The survey also turned up some novel findings, including the first actin in bacteria. Actin is a protein that forms a structural framework inside all eukaryotic cells, allowing cells to crawl and to arrange and move items around internally. Previously, the protein had been thought to exist only in eukaryotic cells. The survey found a structurally similar molecule in the marine bacterium Haliangium ochraceum. The authors hypothesize that the bacterium may use the actin-like protein to make a toxin that attacks other cells.
H. ochraceum also contains hundreds of DNA repeats called CRISPR units. CRISPR is a recently discovered "immune system" that protects bacteria from viruses and other foreign DNA. The CRISPR array in H. ochraceum is by far the largest yet found.
The microbes for the study were grown by a team lead by Hans-Peter Klenk of the German Collection of Microorganisms and Cell Cultures (also known as the DSMZ).
"The GEBA project perfectly fits with our vision for the future of microbial taxonomy and the collection of type strains in general," Klenk said. The German collection will provide the scientific community with access to the strains used in the project without strings, he said.
The collaborators now plan to add more genomes to their tree. Another 1,500 genomes would cover half the diversity among microbes that can be grown in the lab, Eisen said.
Eisen also holds appointments at the UC Davis Department of Evolution and Ecology and the Department of Medical Microbiology and Immunology.

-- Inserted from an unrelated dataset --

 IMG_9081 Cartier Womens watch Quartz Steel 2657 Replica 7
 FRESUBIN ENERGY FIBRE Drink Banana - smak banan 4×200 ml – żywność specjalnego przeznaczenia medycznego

Genome sequencing, annotation, and analysis were done primarily at the Joint Genome Institute in Walnut Creek, Calif. Other authors include UC Davis' Dongying Wu, a project scientist in Eisen's lab; Mitchell Singer, professor of microbiology at UC Davis; and multiple collaborators from JGI, DSMZ, the Lawrence Livermore National Laboratory and the University of Virginia, Charlottesville.
The project was funded primarily by the U.S. Department of Energy with support from the Gordon and Betty Moore Foundation and the DSMZ.